Mit: Ofiara jest sama sobie winna

Ludziom towarzyszy nieracjonalne przekonanie, że świat jest w jakiś sposób sprawiedliwy, a tym samym ofiara zasługuje na to, co ją spotkało. Lerner jako jeden z pierwszych przyjrzał się zjawisku od strony naukowej i przeprowadził serię eksperymentów, która daje do myślenia. 

Melvin J. Lerner, prowadząc badania w latach 60. i późniejszych, widział je jako kontynuację słynnego eksperymentu Milgrama z rażeniem prądem. Chciał odpowiedzieć na pytanie, w jaki sposób tyrańskie rządy mogą utrzymywać wysokie poparcie dla prowadzonych przez siebie represji.

Lerner zaobserwował, że społeczeństwo ma tendencję do obwiniania ofiar za ich cierpienie. Był zdziwiony, gdy widział wśród swoich uczniów pewną pogardę i złośliwość wobec osób ubogich. Jakby nie byli świadomi, że na ubóstwo składa się mnóstwo czynników, z czego wiele nie zależy od osoby. Ale działa to też w drugą stronę. W eksperymencie zauważył, że gdy jeden z dwóch mężczyzn został wybrany losowo, aby otrzymać nagrodę za zadanie, obserwatorzy lepiej go oceniali. Nawet gdy zostali poinformowani, że odbiorca nagrody został wybrany losowo. Pragnienie zrozumienia procesów, które odpowiadały za te zjawiska, skłoniło Lernera do przeprowadzenia serii eksperymentów nad tym, co teraz nazywamy fenomenem sprawiedliwego świata. Wszelkie twierdzenia pokroju „sama się o to prosiła” albo „każdy ma to, na co zasłużył” są wynikiem tego sposobu myślenia.

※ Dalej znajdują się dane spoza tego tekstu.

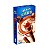 Oreo crisp roll 50gr Morango Chocolate Escolha o sabor - Imagem 3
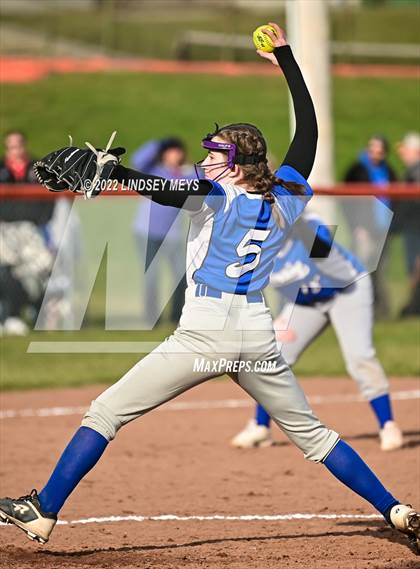Thumbnail 3 in Haverling @ Livonia photogallery.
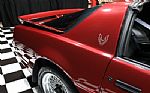 1990 Firebird Thumbnail 27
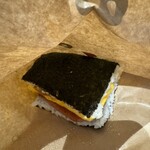 ポーたま 北谷アメリカンビレッジ店 - 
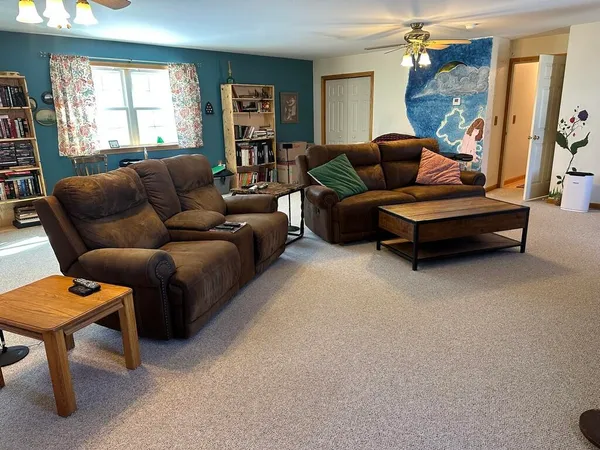 $494,900 | 12 Beech Ridge Drive, Hermon, ME 04401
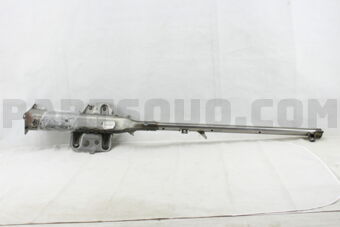 5533060010 REINFORCEMENT, INSTRUMENT PANEL
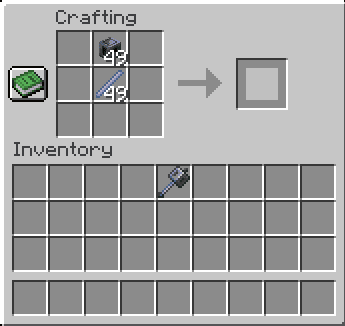 ItemCap screenshot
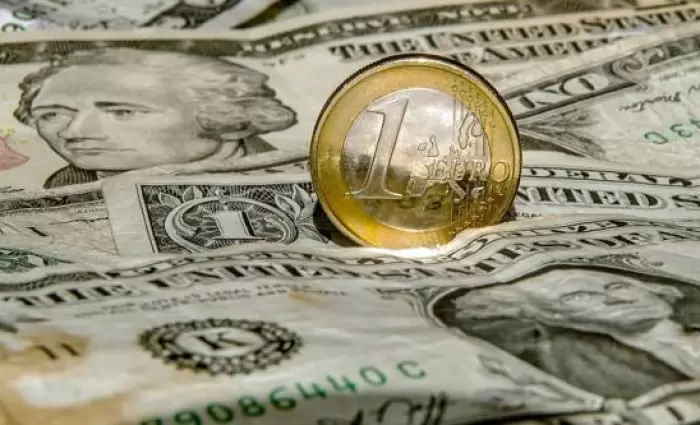 Είναι τελικά τόσο υψηλοί οι μισθοί στη Γερμανία;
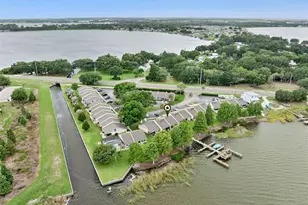 2600 Lucerne Park Rd, Winter Haven, FL 33881 - Photo 24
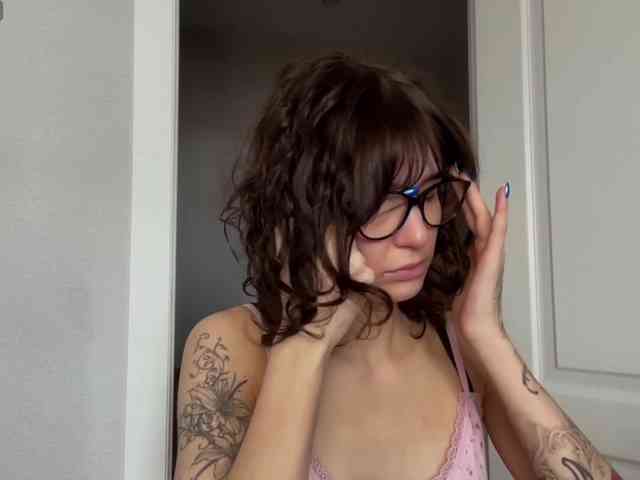 DarlenaBoothman webcam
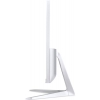 Acer Aspire C24-865  <DQ.BBTER.012>  i3  8130U/4/1Tb/WiFi/BT/Linux/23.8"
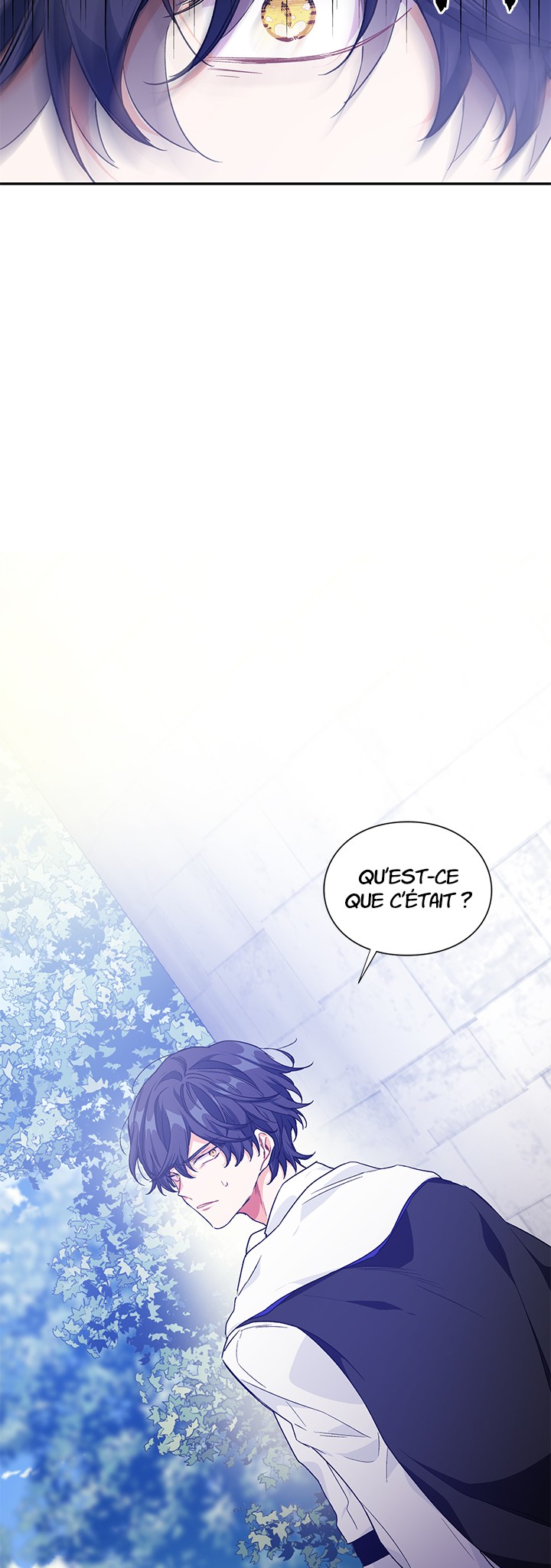 Read Doctor Elise vf Manga Online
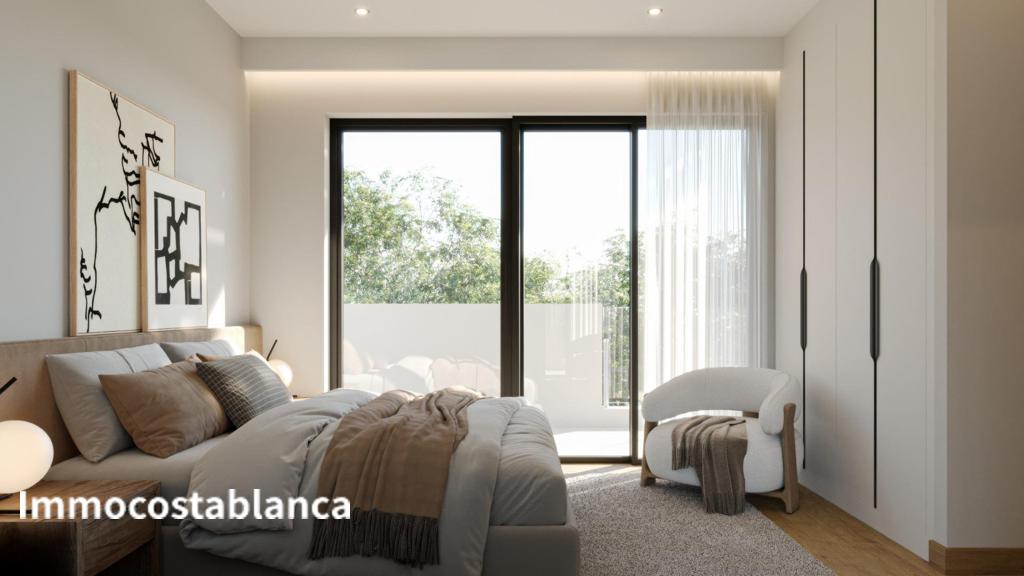 Вилла в Бенидорме, 270 м², 890 000 €, фото 10, объявление 45983536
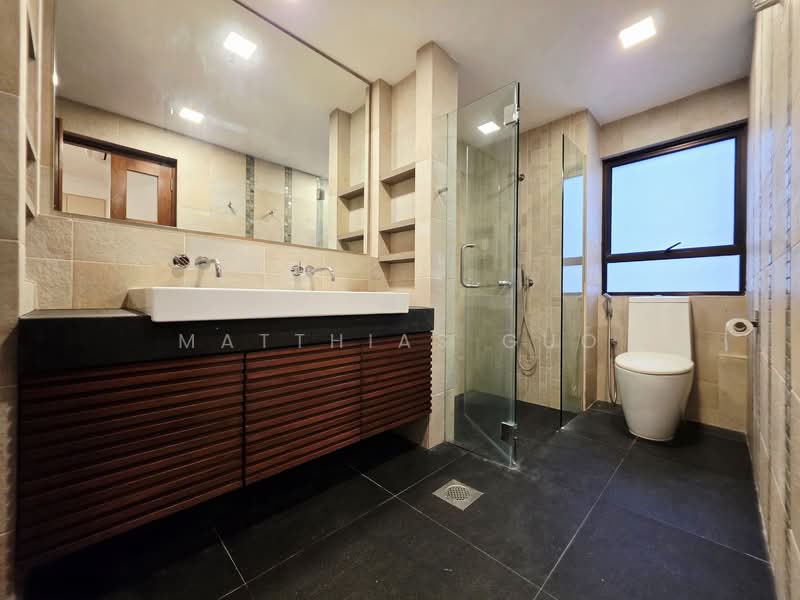 Balmoral Point, 23 Balmoral Road, 5 Bedrooms, 3,358 sqft, Apartment For Rent, by Matthias Guo, 500125093 - PropertyGuru.com.sg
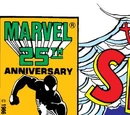 Amazing Spider-Man Vol 1 280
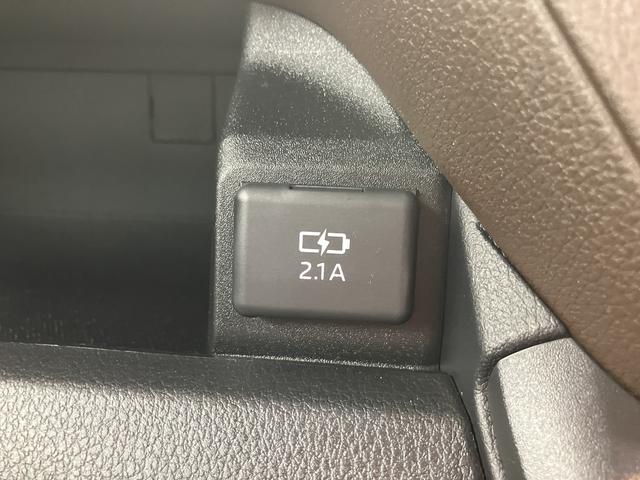 ムーヴＧ２ＷＤ　オーディオレス　バックカメラ　ベンチシート　プッシュスタート　片側電動スライドドア　コーナーセンサー　アイドリングストップ車　オートライト　オートマチックハイビーム　ＬＥＤヘッドライト（愛媛県）の中古車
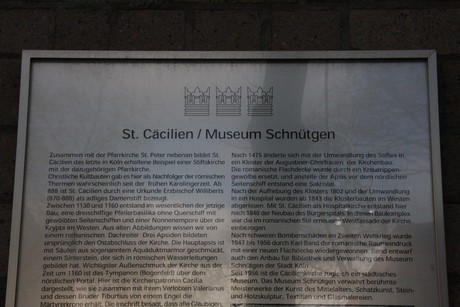 schnuetgen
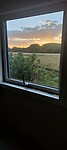 IMG20240704212348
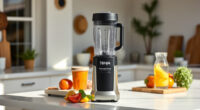 Must-Have Accessories to Max Out Your Ninja Blast Portable Blender This Summer
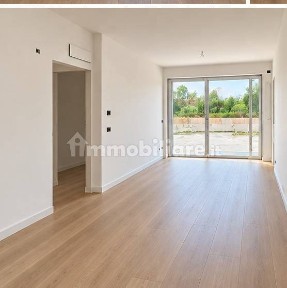 Trilocale via Giuseppe Rivani 39, Mazzini - Fossolo, Bologna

W jednym z nich badani w dwóch grupach otrzymali historię relacji romantycznej między kobietą i mężczyzną. Obie historie były identyczne, nie licząc tylko zakończenia – pierwsza kończyła się gwałtem na kobiecie, druga oświadczynami mężczyzny. Badani z obu grup ocenili, że to zachowanie kobiety (identyczne) doprowadziło do tego rezultatu. W innym badaniu kobieta była rażona prądem podczas rozwiązywania trudnego zadania pamięciowego. Część badanych uznawała rażenie prądem za uzasadnione słabymi wynikami tej kobiety. Dodatkowo badani oceniali tę kobietę jako mniej atrakcyjną, niż ci, którzy widzieli ją jedynie poza eksperymentem.

Kolejne badania nad ofiarami przemocy, chorób, ubóstwa i innych aspektów zapewniły spójne poparcie dla związku między poglądami światopoglądowymi a tendencją do obwiniania ofiar za ich cierpienie. Osoby o niskiej wierze w sprawiedliwość świata są znacznie bardziej skłonne dostrzegać zewnętrzne przyczyny takie jak presja społeczna, system gospodarczy, wyzysk czy wojna.